寒気(モデル実験では氷水)は密度が大きいため下に、暖気(モデル実験ではお湯)は密度が小さいため上に行くのです。
この暖気と寒気の境界面を前線面といい、前線面のうち地面と接している線を前線といいます。
前線には4種類ありますが、そのうち寒冷前線と温暖前線についてみていきましょう。
冷たい空気が暖かい空気を押しのけて進む。これが寒冷前線です。重いのが軽いのを蹴散らしていくようなイメージです。
これに対し、温かい空気が冷たい空気を少しずつ上から侵食していくのが温暖前線です。軽いのが重いのに「すみませんすみません」とどいてもらうイメージです。てことで断面図。
まず、記号から説明していきましょう。
断面図から寒冷前線は丸っこい、温暖前線は三角っぽい部分があるのですが、
寒冷前線のマークは三角、温暖前線のマークは半円です。
よく幽霊が頭に三角の白い布つけてますよね。「天冠(てんかん・てんがん)」とか「額烏帽子(ひたいえぼし)」 とか「紙冠(かみかぶり)」とか「宝冠(ほうかん)」とかいろいろ名前がついてるみたいですが。
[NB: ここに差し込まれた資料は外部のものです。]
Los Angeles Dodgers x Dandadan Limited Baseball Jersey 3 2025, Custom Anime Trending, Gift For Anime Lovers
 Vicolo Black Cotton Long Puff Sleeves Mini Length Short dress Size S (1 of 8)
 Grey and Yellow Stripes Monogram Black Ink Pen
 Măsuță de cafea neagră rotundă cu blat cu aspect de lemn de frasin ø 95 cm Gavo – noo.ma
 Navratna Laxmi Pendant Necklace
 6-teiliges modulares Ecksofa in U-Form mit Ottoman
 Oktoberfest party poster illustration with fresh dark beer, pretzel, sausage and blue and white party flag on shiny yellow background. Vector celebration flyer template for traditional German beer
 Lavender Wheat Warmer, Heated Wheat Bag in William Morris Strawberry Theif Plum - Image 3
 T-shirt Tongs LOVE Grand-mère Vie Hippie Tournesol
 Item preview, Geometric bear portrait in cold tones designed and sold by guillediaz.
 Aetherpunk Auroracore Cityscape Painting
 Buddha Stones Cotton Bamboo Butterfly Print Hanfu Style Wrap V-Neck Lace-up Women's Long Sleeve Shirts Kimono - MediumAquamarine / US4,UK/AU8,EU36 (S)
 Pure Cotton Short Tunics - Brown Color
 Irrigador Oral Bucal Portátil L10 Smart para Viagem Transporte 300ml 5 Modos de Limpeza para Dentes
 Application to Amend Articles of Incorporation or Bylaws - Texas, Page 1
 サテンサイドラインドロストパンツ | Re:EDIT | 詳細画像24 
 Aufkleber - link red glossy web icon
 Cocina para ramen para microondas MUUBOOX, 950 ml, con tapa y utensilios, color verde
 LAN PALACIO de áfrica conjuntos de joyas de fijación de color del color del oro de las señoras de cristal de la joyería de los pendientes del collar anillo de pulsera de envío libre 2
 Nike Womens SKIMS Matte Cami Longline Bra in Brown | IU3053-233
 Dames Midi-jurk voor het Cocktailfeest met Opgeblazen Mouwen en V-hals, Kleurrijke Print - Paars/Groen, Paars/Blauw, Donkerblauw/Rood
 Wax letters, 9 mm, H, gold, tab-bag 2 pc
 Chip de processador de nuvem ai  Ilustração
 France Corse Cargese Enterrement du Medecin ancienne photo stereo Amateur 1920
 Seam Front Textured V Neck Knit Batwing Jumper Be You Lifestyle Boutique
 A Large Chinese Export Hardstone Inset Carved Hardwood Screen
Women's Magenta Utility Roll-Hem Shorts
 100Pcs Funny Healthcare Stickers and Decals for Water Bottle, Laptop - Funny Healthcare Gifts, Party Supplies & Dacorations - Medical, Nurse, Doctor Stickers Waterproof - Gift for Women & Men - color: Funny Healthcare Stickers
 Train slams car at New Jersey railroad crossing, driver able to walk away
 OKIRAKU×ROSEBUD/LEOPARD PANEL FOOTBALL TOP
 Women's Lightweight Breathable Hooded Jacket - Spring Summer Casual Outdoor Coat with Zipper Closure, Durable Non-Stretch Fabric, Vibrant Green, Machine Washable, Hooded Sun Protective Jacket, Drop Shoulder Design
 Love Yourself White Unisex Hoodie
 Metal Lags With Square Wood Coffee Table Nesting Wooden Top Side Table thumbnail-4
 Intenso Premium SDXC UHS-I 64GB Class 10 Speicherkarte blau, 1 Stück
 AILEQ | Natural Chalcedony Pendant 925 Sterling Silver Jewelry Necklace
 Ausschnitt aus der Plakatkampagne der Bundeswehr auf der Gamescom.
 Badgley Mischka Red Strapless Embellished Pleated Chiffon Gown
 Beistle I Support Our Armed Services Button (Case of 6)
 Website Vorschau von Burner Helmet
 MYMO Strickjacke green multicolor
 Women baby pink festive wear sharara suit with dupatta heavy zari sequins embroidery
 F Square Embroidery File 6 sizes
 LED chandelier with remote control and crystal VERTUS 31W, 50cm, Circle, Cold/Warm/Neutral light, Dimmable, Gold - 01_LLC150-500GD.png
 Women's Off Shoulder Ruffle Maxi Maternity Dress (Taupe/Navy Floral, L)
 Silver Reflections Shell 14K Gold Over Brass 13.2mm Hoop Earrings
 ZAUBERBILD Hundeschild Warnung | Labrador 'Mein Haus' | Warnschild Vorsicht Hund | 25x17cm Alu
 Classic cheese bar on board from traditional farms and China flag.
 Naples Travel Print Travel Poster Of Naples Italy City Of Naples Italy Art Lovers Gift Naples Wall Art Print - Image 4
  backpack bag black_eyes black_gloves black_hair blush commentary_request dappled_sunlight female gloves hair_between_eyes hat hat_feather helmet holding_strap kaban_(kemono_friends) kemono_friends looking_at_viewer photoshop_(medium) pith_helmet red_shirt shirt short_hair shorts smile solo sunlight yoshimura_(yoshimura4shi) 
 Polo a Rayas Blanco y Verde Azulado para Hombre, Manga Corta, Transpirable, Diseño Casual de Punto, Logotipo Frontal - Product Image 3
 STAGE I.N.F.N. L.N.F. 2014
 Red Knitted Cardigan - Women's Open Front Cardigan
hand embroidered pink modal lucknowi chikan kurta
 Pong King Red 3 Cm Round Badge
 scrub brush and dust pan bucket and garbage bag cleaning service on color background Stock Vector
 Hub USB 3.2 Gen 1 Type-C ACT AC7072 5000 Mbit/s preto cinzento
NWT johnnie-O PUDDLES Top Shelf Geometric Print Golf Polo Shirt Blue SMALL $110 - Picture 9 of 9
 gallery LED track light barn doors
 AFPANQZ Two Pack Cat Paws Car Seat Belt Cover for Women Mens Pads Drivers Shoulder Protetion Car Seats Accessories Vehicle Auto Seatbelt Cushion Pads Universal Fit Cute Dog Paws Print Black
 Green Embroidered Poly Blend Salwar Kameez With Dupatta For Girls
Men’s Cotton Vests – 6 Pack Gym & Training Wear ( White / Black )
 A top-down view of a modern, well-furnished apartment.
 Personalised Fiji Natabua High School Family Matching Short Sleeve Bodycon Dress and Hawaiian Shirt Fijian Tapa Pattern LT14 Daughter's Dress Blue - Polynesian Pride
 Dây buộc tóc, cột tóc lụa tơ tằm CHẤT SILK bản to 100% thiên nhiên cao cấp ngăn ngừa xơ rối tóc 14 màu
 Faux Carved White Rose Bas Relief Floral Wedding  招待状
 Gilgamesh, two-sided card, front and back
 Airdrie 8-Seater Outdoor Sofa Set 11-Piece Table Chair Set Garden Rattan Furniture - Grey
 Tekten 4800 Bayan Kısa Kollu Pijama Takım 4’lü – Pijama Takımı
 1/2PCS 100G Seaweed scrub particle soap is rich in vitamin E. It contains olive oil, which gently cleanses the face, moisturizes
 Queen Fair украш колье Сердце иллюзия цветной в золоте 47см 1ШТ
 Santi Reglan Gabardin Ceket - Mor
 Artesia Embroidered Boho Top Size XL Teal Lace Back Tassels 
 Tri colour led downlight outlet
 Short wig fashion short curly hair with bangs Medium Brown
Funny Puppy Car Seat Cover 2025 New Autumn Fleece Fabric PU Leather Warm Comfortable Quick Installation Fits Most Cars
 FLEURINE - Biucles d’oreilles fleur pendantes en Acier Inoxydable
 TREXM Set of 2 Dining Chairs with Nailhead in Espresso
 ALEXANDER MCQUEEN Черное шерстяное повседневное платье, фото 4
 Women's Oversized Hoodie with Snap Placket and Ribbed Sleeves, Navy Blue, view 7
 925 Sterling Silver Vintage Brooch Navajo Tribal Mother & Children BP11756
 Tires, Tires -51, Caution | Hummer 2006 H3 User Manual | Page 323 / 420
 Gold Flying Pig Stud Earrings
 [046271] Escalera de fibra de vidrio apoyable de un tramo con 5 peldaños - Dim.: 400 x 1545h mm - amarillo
アレを思い出して 幽霊→三角 幽霊→涼しくなる って連想で三角は寒冷前線のマークと覚えると…普通に覚えたほうが早いです。
ちなみに、カラーが使えるなら、寒冷前線は青、温暖前線は赤でかかれます。
次に雲についてです。
暖気は、文字通り暖かい、つまり気温が高いので、飽和水蒸気量が大きく、それなりの水蒸気を含むことができます。そして特に海上なんかにあったりしたら、実際にたくさんの水蒸気を含むことになります。そんな暖気が寒気に接することによって温度が下げられたらどうなるでしょうか。温度が下がる→飽和水蒸気量が下がる→露点を下回る→水滴(雲)ができる、ということになります。
つまり、暖気の前線面付近に雲ができるのです。具体的にはこのあたりにできます。
(この雲と糸の教材については 前線での雨の降り方がわかる雲 定点観測編 を参照)
寒冷前線の場合は、前線付近の前線面が垂直方向に伸びています。これに沿って、雲も垂直方向に伸びていきます。
雲が垂直方向に積まれていくイメージです。だから積乱雲、積雲などができます。
温暖前線は、前線付近の前線面は図では斜めですが、実際はもっとずっと平らに近く、かなり水平に近い状態に伸びています。これに沿って、雲もかなり水平に近い状態に伸びていきます。
雲が厚みはないけど水平方向に広がっていく層のようなイメージです。だから乱層雲、高層雲などができます。
雲については、次回詳しく見ていきます。
雨の降り方。
上の画像の雲から出ている綴りひもに注目します。
温暖前線は雲を横長にして使います。
寒冷前線は雲を縦長にして使います。温暖前線に比べ、雨は集中的に(短時間に強く)降ることがわかります。
さらに、この図で前線の前に立っている人に注目します。寒冷前線の前に立っている人は、かろうじて暖気の中にいます。ところが、この後すぐに寒気の中に入ってしまいます。同様に温暖前線の前に立っている人は今は寒気の中ですが、このあと暖気に入ることになります。
寒気から暖気へ
すると、通過後の気温と風向の変化はどうなるでしょうか。
寒冷前線は暖気から寒気に変わるのですから、気温は下がり、暖気の南寄りの風から寒気の北風に変わります。
温暖前線は暖気から寒気に変わるのですから、気温は上がり、通過すると暖気の南寄りの風が吹くようになります。
ただし、前線通過前後の風向の変化はデリケートな部分があり、教科書レベルでもその表記に差異があります。